REQUIRED WORK: Quote, word for word, every line starting at the line that contains "Poster for Joe Lycett's Got Your Back" and ending with the last line of the records; include both of these lines and no others.

####################

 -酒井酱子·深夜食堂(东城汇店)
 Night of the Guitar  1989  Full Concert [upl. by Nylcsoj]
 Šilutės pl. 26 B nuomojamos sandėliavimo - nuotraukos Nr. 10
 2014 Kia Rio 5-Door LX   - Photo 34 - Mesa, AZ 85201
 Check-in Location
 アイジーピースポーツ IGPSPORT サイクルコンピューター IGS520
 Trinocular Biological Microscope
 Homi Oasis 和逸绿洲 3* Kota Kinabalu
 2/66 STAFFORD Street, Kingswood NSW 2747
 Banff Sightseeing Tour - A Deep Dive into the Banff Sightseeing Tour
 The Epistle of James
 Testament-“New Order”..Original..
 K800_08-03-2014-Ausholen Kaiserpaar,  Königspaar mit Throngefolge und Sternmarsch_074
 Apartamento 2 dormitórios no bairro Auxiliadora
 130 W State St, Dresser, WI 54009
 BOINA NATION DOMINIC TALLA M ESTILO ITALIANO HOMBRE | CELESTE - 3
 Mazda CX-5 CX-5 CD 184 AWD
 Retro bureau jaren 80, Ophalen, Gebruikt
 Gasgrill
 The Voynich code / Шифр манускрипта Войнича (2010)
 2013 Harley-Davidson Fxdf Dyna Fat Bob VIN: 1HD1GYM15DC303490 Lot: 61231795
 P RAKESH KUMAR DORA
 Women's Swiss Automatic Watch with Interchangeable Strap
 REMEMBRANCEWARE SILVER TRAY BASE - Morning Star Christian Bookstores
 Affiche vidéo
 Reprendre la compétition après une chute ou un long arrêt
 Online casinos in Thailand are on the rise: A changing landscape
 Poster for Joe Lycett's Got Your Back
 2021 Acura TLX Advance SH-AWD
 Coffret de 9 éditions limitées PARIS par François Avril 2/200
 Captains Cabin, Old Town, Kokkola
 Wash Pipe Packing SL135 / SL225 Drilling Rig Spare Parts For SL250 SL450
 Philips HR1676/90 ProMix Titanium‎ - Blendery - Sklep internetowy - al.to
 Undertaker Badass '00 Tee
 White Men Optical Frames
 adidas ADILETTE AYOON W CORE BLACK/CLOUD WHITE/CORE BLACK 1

####################

RESULT OF THIS TASK:
 Poster for Joe Lycett's Got Your Back
 2021 Acura TLX Advance SH-AWD
 Coffret de 9 éditions limitées PARIS par François Avril 2/200
 Captains Cabin, Old Town, Kokkola
 Wash Pipe Packing SL135 / SL225 Drilling Rig Spare Parts For SL250 SL450
 Philips HR1676/90 ProMix Titanium‎ - Blendery - Sklep internetowy - al.to
 Undertaker Badass '00 Tee
 White Men Optical Frames
 adidas ADILETTE AYOON W CORE BLACK/CLOUD WHITE/CORE BLACK 1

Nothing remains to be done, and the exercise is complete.